** Opening Exercise data block **
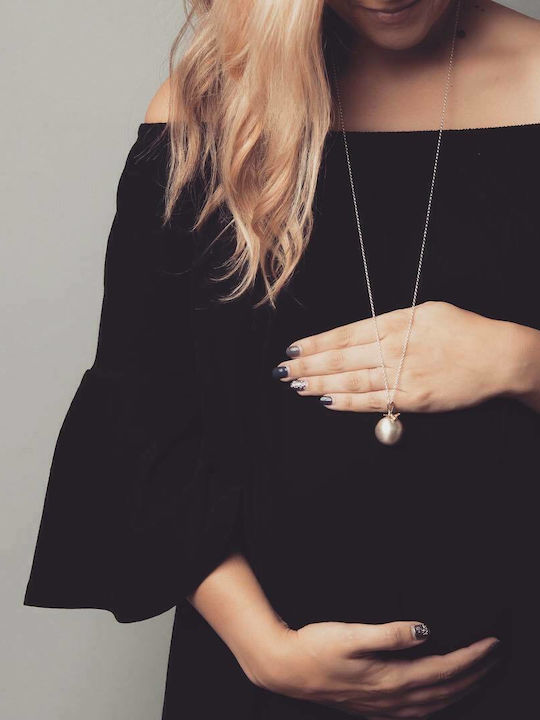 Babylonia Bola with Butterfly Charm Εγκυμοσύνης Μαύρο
** Closing Exercise data block **
** Opening Exercise data block **
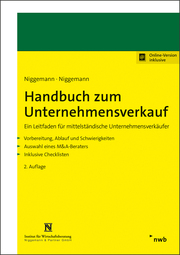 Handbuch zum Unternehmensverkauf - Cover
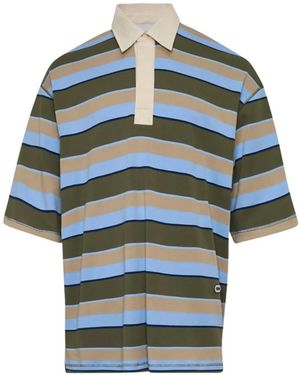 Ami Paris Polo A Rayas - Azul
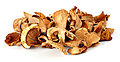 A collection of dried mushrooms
** Closing Exercise data block **
The answer must be the lines above from the one containing "Handbuch zum Unternehmensverkauf - Cover" through the one containing "A collection of dried mushrooms", reproduced exactly, with no pictures and nothing else.

Response to the exercise:
 Handbuch zum Unternehmensverkauf - Cover
 Ami Paris Polo A Rayas - Azul
 A collection of dried mushrooms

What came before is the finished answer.